§ EXERCISE INSTRUCTIONS
Exactly reproduce the line that contains "Extra Space Storage in St. Louis, MO" and all lines after it in the entries below, through the very last line.

§ Saved data entries
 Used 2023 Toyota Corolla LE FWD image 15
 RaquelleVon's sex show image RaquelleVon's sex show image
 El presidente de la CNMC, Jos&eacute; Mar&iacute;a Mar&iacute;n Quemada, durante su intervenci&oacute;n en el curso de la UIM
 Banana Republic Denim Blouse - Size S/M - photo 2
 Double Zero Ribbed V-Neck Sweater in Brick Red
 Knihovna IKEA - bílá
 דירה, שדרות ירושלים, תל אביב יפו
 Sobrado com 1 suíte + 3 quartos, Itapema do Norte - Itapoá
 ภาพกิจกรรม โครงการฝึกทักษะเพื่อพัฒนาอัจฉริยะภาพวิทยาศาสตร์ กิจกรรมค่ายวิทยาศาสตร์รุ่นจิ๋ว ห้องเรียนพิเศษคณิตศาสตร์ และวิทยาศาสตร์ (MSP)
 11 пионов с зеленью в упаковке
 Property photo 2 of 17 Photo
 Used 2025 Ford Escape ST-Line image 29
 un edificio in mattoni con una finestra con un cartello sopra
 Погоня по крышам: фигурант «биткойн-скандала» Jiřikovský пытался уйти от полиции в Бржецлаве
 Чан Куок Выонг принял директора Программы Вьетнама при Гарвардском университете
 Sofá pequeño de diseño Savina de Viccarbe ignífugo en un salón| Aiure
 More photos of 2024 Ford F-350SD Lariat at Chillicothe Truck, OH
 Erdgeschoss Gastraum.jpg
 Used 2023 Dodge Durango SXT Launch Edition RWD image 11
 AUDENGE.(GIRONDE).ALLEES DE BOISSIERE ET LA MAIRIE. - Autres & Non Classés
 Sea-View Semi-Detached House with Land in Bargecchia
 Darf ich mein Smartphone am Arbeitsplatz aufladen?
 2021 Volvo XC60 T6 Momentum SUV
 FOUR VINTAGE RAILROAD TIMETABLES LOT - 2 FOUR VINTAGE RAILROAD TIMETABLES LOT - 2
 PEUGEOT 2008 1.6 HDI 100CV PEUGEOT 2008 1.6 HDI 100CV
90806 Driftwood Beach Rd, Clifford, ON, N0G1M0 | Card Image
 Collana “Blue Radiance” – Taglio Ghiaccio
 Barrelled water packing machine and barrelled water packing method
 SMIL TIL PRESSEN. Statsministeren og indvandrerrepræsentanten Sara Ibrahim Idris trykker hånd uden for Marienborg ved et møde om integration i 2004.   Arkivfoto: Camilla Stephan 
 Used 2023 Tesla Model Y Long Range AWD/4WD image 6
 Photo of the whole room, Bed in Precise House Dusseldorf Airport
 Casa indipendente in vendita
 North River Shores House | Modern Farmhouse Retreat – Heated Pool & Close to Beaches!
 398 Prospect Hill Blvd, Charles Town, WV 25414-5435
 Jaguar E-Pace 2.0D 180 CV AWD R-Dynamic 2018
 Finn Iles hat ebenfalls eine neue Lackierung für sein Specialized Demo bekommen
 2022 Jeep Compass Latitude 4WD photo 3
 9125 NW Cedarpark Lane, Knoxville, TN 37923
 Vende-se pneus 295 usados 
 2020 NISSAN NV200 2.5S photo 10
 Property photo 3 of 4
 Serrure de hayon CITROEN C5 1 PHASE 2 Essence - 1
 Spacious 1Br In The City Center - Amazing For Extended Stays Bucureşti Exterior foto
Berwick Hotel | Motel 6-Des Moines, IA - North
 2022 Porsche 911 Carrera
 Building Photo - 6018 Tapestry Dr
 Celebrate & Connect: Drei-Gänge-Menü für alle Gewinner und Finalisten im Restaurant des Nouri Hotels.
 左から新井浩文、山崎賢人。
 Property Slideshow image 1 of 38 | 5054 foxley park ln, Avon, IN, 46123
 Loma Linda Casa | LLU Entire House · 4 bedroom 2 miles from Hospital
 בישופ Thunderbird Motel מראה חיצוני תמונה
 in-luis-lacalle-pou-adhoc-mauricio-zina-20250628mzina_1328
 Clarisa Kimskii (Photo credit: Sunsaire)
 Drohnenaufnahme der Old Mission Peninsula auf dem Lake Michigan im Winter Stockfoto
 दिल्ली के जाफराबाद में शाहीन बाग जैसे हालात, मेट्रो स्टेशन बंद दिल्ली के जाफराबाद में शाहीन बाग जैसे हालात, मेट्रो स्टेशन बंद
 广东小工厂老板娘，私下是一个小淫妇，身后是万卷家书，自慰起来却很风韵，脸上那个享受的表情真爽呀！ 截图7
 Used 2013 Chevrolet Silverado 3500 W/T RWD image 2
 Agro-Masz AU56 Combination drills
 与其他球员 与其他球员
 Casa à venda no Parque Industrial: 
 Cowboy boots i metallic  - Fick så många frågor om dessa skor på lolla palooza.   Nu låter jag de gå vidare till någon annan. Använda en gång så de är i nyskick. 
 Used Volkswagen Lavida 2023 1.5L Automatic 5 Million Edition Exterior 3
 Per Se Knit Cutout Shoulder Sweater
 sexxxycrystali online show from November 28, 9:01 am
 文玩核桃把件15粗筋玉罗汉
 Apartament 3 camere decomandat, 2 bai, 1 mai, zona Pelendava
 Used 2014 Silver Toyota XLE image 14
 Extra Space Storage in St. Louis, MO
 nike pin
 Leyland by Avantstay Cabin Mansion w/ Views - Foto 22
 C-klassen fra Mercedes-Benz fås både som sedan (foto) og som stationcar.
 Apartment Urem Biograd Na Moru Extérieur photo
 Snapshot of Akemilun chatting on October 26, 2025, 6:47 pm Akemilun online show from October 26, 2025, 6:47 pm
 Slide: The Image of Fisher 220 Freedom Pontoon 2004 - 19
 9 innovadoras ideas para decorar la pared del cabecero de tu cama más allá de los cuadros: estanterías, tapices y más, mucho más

§ RESPONSE FOR THIS EXERCISE
 Extra Space Storage in St. Louis, MO
 nike pin
 Leyland by Avantstay Cabin Mansion w/ Views - Foto 22
 C-klassen fra Mercedes-Benz fås både som sedan (foto) og som stationcar.
 Apartment Urem Biograd Na Moru Extérieur photo
 Snapshot of Akemilun chatting on October 26, 2025, 6:47 pm Akemilun online show from October 26, 2025, 6:47 pm
 Slide: The Image of Fisher 220 Freedom Pontoon 2004 - 19
 9 innovadoras ideas para decorar la pared del cabecero de tu cama más allá de los cuadros: estanterías, tapices y más, mucho más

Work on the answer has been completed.